Records from a collection
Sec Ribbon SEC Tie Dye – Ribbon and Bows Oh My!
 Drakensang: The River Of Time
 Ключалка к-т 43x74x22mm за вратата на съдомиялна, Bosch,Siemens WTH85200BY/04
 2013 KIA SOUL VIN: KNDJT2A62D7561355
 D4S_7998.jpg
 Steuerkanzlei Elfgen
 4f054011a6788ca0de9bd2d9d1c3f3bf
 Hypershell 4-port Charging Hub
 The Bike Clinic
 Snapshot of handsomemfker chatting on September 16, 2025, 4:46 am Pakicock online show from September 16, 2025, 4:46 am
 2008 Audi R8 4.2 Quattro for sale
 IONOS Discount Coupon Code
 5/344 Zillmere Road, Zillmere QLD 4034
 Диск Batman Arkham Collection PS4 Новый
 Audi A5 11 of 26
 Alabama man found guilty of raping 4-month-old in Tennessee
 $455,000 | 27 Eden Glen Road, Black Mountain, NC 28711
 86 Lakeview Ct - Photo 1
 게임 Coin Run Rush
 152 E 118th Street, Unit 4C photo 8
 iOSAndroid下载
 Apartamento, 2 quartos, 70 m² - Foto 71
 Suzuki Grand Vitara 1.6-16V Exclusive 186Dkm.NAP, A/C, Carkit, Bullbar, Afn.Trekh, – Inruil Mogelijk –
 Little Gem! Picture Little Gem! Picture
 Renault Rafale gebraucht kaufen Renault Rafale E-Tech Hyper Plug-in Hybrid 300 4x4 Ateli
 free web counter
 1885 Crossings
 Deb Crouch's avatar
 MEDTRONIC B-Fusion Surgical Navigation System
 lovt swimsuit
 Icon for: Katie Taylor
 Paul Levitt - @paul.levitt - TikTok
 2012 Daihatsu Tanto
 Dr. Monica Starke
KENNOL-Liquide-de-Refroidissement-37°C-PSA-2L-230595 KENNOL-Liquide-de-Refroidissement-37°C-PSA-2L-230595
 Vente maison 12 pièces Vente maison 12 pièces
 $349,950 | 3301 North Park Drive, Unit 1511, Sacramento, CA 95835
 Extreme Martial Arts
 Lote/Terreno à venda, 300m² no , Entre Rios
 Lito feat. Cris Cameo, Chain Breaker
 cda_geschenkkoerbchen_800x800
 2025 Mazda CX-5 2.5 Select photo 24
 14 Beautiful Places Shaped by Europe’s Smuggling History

- _WHAT THE TASK REQUIRES_: For the string "Audi", search the preceding data and copy every line that includes it.

- _THE ANSWER_:
 2008 Audi R8 4.2 Quattro for sale
 Audi A5 11 of 26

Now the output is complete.